Records drawn from a dataset
[Start of section]

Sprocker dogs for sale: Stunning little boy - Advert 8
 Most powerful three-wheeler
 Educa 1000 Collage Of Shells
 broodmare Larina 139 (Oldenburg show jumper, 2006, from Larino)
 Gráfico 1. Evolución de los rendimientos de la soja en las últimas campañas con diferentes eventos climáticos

[End of section]

→ **Work instruction**
The data above needs retyping. Reproduce each line exactly.

→ **Written response**
Sprocker dogs for sale: Stunning little boy - Advert 8
 Most powerful three-wheeler
 Educa 1000 Collage Of Shells
 broodmare Larina 139 (Oldenburg show jumper, 2006, from Larino)
 Gráfico 1. Evolución de los rendimientos de la soja en las últimas campañas con diferentes eventos climáticos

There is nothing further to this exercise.